Arris Sees Video Gateway Market Start to Open Up
The closing of Arris’s $2.35 billion acquisition of Motorola Home last week makes it the nation’s top set-top provider, but the company has evidently been making some set-top progress on its own.
In particular, Arris is getting traction for a new line of gateways based on Comcast’s Reference Design Kit (RDK), a pre-integrated software bundle for hybrid QAM/IP and IP-only gateways and HD client devices. In January, Arris announced its first RDK-based product – a “headless” all-services gateway with a DOCSIS 3.0 modem that can support downstream bursts approaching 1 Gbps.
“Interest in the RDK architecture has spread around the world, and we’re now engaged with three Tier 1 operators in evaluating potential deployments,” Arris chairman, president and CEO Bob Stanzione said Wednesday during the company’s first quarter earnings call. He said Arris has begun in-home trials of that product.
“Both our Moxi and RDK gateway solutions are very complementary with the set-top gateway initiatives that are underway at Motorola Home, and you'll be hearing a lot more about this as we combine the teams and strengthen the joint roadmap,” Stanzione added.

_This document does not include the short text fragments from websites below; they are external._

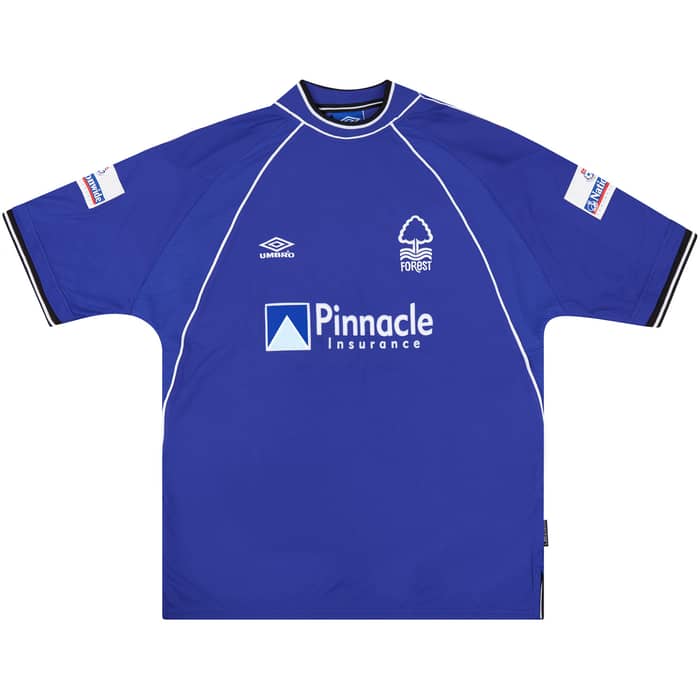 2000-01 Nottingham Forest Match Issue Third Shirt Cooper #22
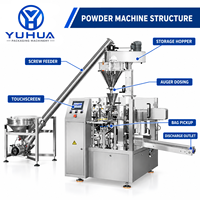 Machine d'emballage automatique YH pour sachets Doypack à fermeture éclair pour poudre de piment de Cayenne, curcuma, cannelle et ail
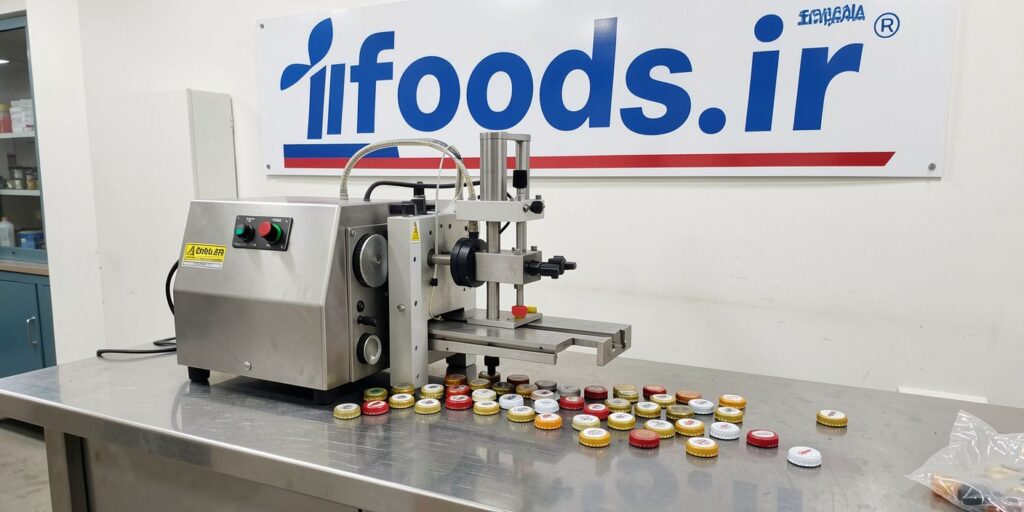 عکس دستگاه پلمپ سیل القایی: راهنمای جامع انتخاب، عملکرد و مزایای پلمپ درب بطری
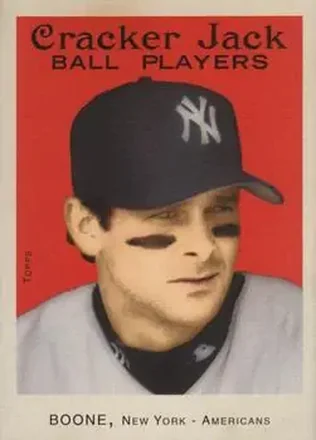 2004 Topps Cracker Jack #230 - Aaron Boone - New York Yankees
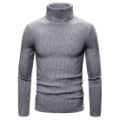 Herren Stehkragen Pullover aus feiner Rippenstrick ModeGeist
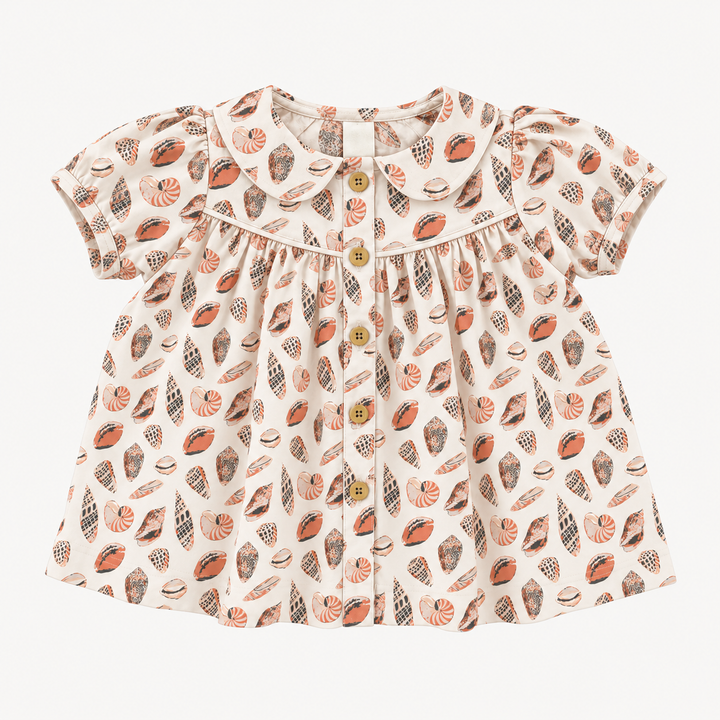 PREORDER short sleeve cowgirl top | seashell | modal
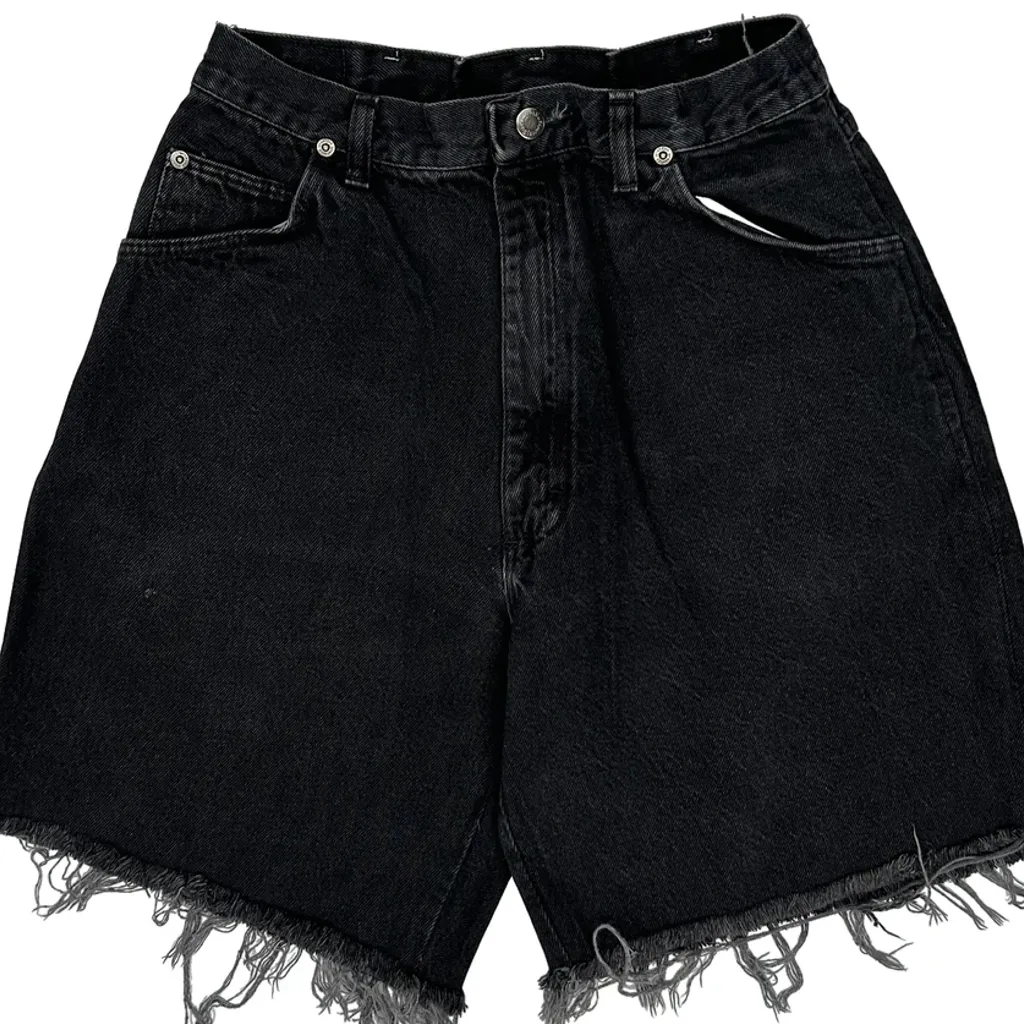 Wrangler Denim Shorts - 27W 9L Black Denim - Image 9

Arris also shipped a record 2.9 million DOCSIS-powered modems in the quarter as demand for broadband gateways with embedded Wi-Fi remained strong. Ninety-two percent of those shipments were DOCSIS 3.0, up from 87% in the previous quarter.
On the network side, Arris expects to start “shipping significant volumes” of its new E6000 Converged Edge Router in the second quarter, Stanzione said. Arris is initially shipping the E6000 as a super-dense cable modem termination system (CMTS), but will evolve it to become a Converged Cable Access Platform that also integrates edge QAM capacity, enabling it to support cable's full suite of services.
Arris shipped a record 122,700 downstream CMTS ports in the quarter, but saw upstream shipments wane.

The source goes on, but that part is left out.